Edit: Reduced test file contents.

	# RUN: llvm-mca %s
	# LLVM-MCA-BEGIN foo
	addl	$42, %eax
	# LLVM-MCA-END

Added text diff of test file to review.

andreadb accepted this revision.Aug 17 2021, 7:29 AM

Sounds reasonable to me.

This revision is now accepted and ready to land.Aug 17 2021, 7:29 AM
This revision was landed with ongoing or failed builds.Aug 17 2021, 7:53 AM
This revision was automatically updated to reflect the committed changes.

AsmCommentConsumer::HandleComment() is documented as excluding "the newline for single-line comments" which I think is reasonable to interpret as excluding the entire CRLF. So, the code change LGTM.

The only AsmCommentConsumer providers that I see in-tree are in llvm-mca and llvm-exegesis; the latter avoids the problem because it calls StringRef::trim() on the provided comment as the first thing it does in its HandleComment() override. It looks like llvm-mca doesn't do that, so the validity of the test is actually dependent on llvm-mca being less deft with its string handling than llvm-exegesis. That doesn't seem especially robust.

Really what you want here is a unittest that exercises the HandleComment API. The only existing asm lexer test I see is llvm/unittests/MC/SystemZ/SystemZAsmLexerTest.cpp which you might be able to leverage; really you want a target-independent test, though, and the SystemZ test infrastructure does a bunch of things you don't need.

I see @andreadb already approved, so please take this as a follow-up.

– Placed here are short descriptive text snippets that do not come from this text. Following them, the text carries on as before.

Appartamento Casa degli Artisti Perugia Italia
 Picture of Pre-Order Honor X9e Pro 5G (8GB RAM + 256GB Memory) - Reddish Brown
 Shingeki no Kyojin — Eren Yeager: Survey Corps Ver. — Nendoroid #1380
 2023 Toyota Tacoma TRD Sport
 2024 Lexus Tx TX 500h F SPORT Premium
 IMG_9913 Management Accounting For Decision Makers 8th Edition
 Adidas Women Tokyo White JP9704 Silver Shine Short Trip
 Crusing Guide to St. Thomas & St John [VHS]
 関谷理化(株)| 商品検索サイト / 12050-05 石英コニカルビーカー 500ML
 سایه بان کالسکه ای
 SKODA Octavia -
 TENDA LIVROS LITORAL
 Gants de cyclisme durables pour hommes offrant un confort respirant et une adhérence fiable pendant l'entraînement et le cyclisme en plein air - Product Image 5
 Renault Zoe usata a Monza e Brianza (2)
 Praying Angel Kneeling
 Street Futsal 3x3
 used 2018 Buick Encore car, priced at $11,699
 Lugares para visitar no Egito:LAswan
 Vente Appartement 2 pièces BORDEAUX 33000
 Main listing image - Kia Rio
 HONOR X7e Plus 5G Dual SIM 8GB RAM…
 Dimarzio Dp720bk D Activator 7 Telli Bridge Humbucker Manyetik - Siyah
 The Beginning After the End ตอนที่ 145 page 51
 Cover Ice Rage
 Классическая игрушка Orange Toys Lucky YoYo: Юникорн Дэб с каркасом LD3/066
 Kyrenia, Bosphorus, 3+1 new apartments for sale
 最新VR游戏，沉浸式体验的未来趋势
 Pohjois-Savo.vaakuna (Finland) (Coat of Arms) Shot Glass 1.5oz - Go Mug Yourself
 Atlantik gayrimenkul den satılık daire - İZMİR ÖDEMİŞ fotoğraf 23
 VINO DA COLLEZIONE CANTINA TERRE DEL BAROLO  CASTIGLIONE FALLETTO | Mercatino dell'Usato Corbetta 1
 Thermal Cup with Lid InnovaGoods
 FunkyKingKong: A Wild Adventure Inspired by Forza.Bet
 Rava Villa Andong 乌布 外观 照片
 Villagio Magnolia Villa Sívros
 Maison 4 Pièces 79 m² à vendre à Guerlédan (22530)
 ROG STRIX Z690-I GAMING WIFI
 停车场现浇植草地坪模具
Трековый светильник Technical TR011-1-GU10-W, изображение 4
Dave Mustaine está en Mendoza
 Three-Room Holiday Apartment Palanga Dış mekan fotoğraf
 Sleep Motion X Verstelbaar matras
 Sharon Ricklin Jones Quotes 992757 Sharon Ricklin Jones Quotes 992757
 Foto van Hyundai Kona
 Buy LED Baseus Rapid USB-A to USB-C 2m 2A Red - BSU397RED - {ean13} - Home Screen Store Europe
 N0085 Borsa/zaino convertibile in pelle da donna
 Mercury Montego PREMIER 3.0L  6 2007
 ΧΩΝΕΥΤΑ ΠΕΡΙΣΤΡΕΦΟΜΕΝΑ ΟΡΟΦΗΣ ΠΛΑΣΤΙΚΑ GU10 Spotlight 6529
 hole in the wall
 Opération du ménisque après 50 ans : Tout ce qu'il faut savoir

thakis added a subscriber: thakis.Aug 17 2021, 8:11 AM

Not quite sure why, but this breaks tests on my m1 bot: http://45.33.8.238/macm1/16248/step_11.txt

Probably the -mtriple=x86_64 means this needs a REQUIRES: line -- or the test should move into llvm/test/tools/llvm-mca/X86?

Please take a look :)

StephenTozer added a comment.EditedAug 17 2021, 8:22 AM

Not quite sure why, but this breaks tests on my m1 bot: http://45.33.8.238/macm1/16248/step_11.txt

Probably the -mtriple=x86_64 means this needs a REQUIRES: line -- or the test should move into llvm/test/tools/llvm-mca/X86?

Please take a look :)

Indeed, my mistake - I saw that error and have pushed a fix up for it (moving the test into X86).

Seeing some further issues on buildbots due to the absence of a -mcpu flag passed into the command, fixing again.

Seeing some further issues on buildbots due to the absence of a -mcpu flag passed into the command, fixing again.

Happy now. Thanks for the fix!